__What you have to do__
A word-for-word copy of the records below is needed, without the images.

___ Data provided ___

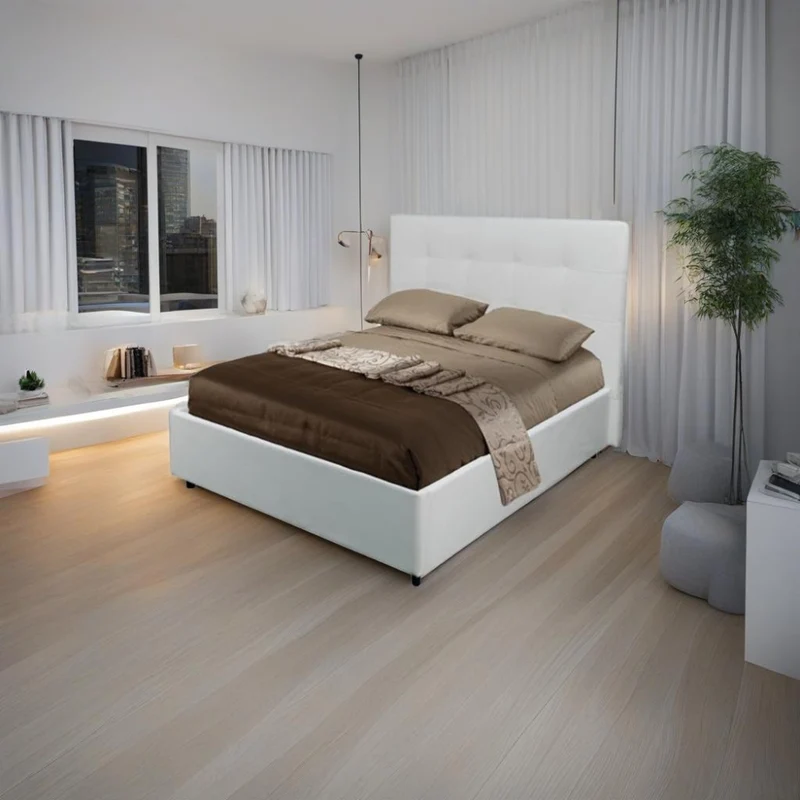 Letto una piazza e mezza con contenitore Ascoli 140x208x127H ecopelle bianco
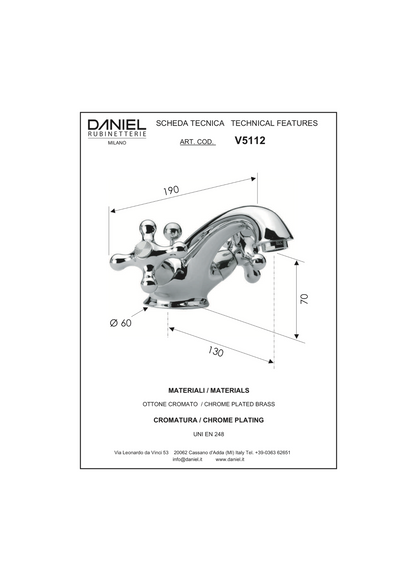 Miscelatore monoforo lavabo Daniel Revival V5112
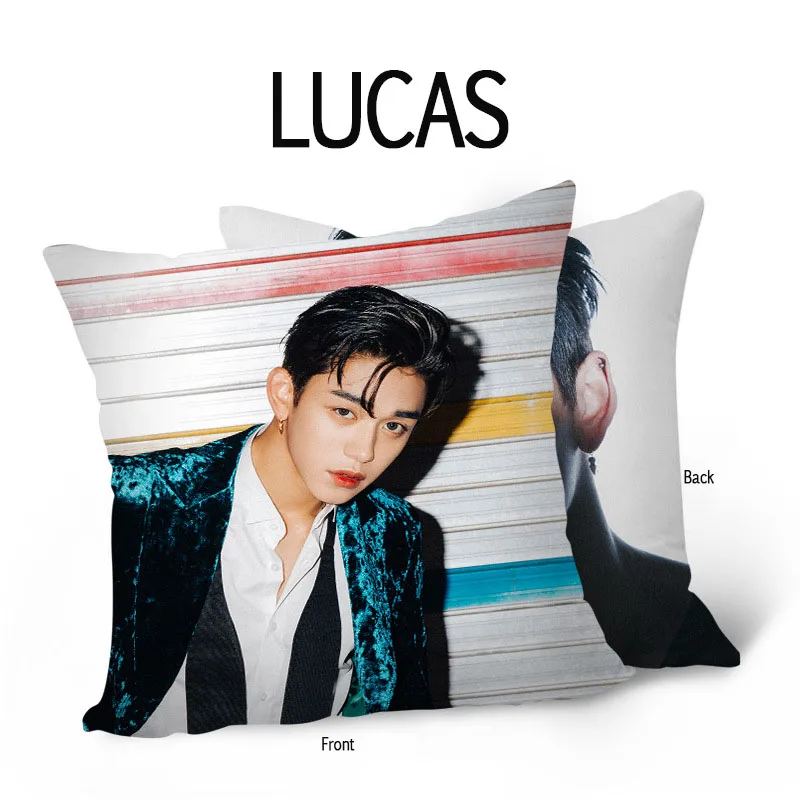 Kpop SuperM Jopping Double Sides Pillow Case Pillow Soft Chair Cushion KAI LUCAS TAEMIN TAEYONG BAEKHYUN TEN MARK - Цвет: LUCAS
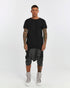 Men's T-Shirt with Ribbed Shoulders in Black front view with longline silhouette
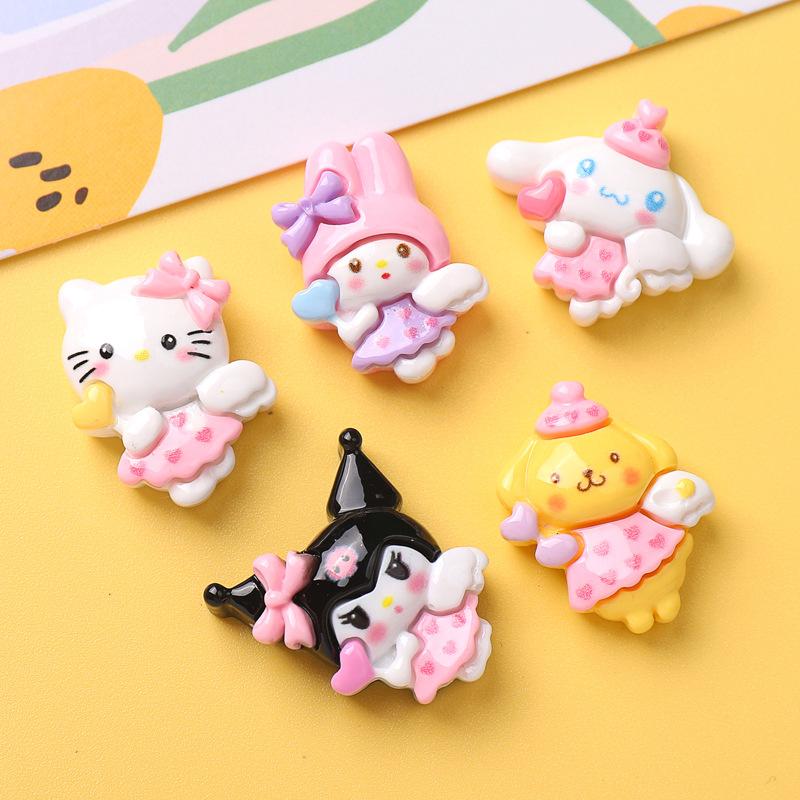 10 Pcs New Mini Kawaii Cartoon Animal Kitten Puppy Rabbit Series Resin Scrapbook Diy Jewelry Gift Hairpin Accessories A21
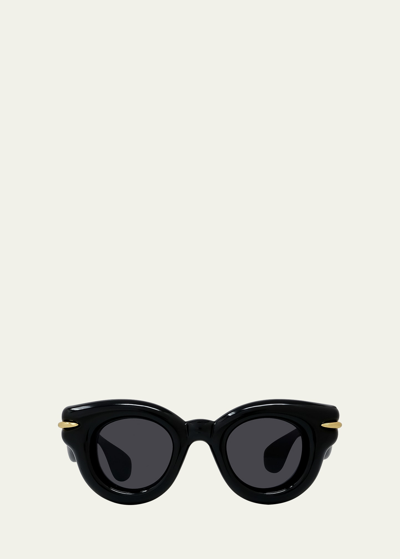 Shop Loewe Inflated Pantos Acetate Round Sunglasses In Sblk/smk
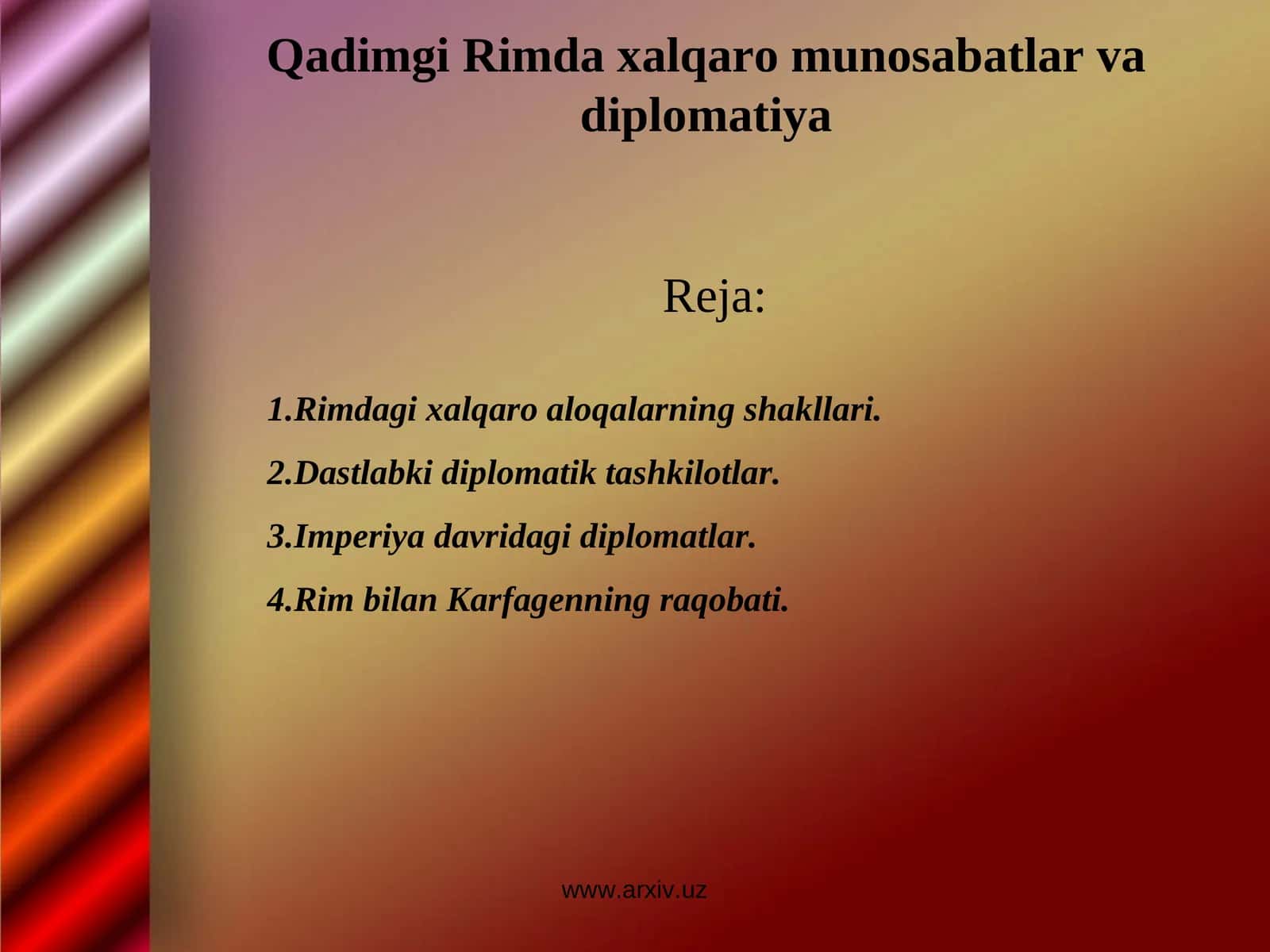 Qadimgi Rimda xalqaro munosabatlar va diplomatiya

___

__Finished task__
 Letto una piazza e mezza con contenitore Ascoli 140x208x127H ecopelle bianco
 Miscelatore monoforo lavabo Daniel Revival V5112
 Kpop SuperM Jopping Double Sides Pillow Case Pillow Soft Chair Cushion KAI LUCAS TAEMIN TAEYONG BAEKHYUN TEN MARK - Цвет: LUCAS
 Men's T-Shirt with Ribbed Shoulders in Black front view with longline silhouette
 10 Pcs New Mini Kawaii Cartoon Animal Kitten Puppy Rabbit Series Resin Scrapbook Diy Jewelry Gift Hairpin Accessories A21
 Shop Loewe Inflated Pantos Acetate Round Sunglasses In Sblk/smk
 Qadimgi Rimda xalqaro munosabatlar va diplomatiya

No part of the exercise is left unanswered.